Jana also has raised the issue of executive compensation, calling upon the HEC board to justify what it described as a 500% increase in compensation for Chief Executive William Hargett between 2003 and 2005, while the other four top executives at the company saw a combined increase of 259% and the company’s stock has “vastly underperformed” in comparison to its peers, according to the fund.
On June 1 Jana demanded, citing Delaware law, that HEC provide books and records relating to acquisitions, executive compensation, executive expenses and the company’s dealings with joint venture partners and former executives; Jana argued that these documents could shed light on “potential breaches of fiduciary duty and corporate waste by the Board.”

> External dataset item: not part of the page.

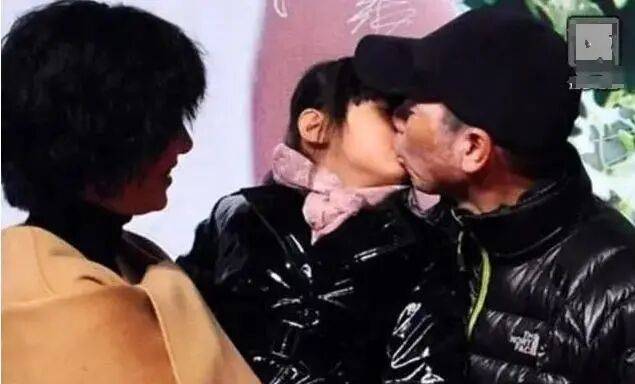 考古|冯小刚带女儿去陈思诚工作室!开个人账号还读影视专业<strong></p>
<p>如何买币</strong>,她也要“女承父业”吗?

The June 12 offer letter also suggested that HEC had already refused potentially beneficial acquisition offers.
“Finally, it appears that the Board may have in the past rebuffed private inquiries regarding a potential acquisition of the Company at a significant premium, in which case the Board has not only failed to generate maximum value for shareholders, it has stood in the way of shareholders potentially realizing this value through a sale, thus further perpetuating the cycle of value destruction at Houston Exploration,” Mr. Rosenstein wrote.
Although Mr. Rosenstein noted in the letter that the necessary due diligence and documentation for the offer could be completed quickly and the firm is able to fully finance the deal, his tone was not optimistic. “Essentially, the harder we press the Board to deliver maximum value for shareholders, the harder it seems the Board digs in its heels in resistance,” Mr. Rosenstein wrote.

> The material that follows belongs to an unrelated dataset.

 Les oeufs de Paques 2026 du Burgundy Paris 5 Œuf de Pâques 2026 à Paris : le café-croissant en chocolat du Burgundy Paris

For its part, HEC seemed in no hurry to address Jana’s offer. In a brief statement the company advised shareholders to take no immediate action, saying that consultations would be made with HEC’s financial and legal advisers and that the board would meet “in due course” to discuss the offer.
On news of the offer, HEC shares (THX) rose to a high of $59.81 in trading June 12 before closing at $57.97. Tuesday [June 13] it slipped to $56.90.